Esta radiografía no solo expone una pérdida fiscal de US$1.500 millones, sino que revela una amenaza estructural que destruye el empleo formal, distorsiona los mercados y erosiona los pilares básicos de la confianza ciudadana.
El impacto de este fenómeno adquiere un matiz urgente e inquietante al proyectarse en regiones como la de Coquimbo. Zonas costeras y valles interiores, históricamente vinculados al desarrollo agrícola, pesquero y minero, enfrentan hoy la presión de rutas de contrabando, comercio callejero descontrolado e ilícitos en materias primas. El robo y la comercialización ilegal de recursos estratégicos no solo configuran una competencia desleal para los productores y pymes locales que cumplen con la ley, sino que destruyen de forma directa la seguridad de las cadenas de valor provinciales.
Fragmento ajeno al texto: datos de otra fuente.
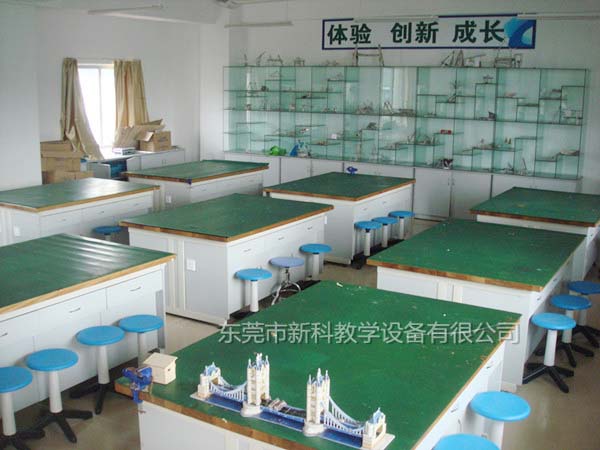 <a href='http://www.fudaoshu.net/chanpinyiji/37-1.html' target='1' style='font-size:18px; font-weight:bold; color:#ff0000;'>通用技術實驗室設備</a>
El estudio de la CPC identifica cinco brechas transversales que han permitido el avance de este flagelo, destacando la falta de coordinación institucional y las debilidades en la fiscalización del Estado.
En nuestra región, estas deficiencias se traducen en la vulnerabilidad de puertos y carreteras, espacios que las organizaciones criminales aprovechan para el lavado de activos y el movimiento de flujos financieros opacos. Cuando la ilegalidad desplaza la inversión formal, los fondos que debieron financiar hospitales, escuelas e infraestructura regional se desvanecen en las sombras.
Frente a este complejo diagnóstico, la propuesta de 45 medidas levantada por la CPC —que incluye una Política Nacional contra las Economías Ilícitas y el uso de inteligencia artificial para trazar flujos de dinero— debe ser leída como un llamado urgente a la acción descentralizada.
Para Coquimbo, la creación de una cultura de la legalidad es imperativa. No se trata meramente de un desafío de seguridad pública o de aumentar la presencia policial en las calles; es una condición indispensable para asegurar la supervivencia de la economía formal, recuperar la paz social y evitar que las nuevas generaciones normalicen el progreso al margen de la ley. El Estado y el sector privado regional deben actuar unidos; el futuro de nuestro desarrollo sostenible se juega hoy en esta batalla.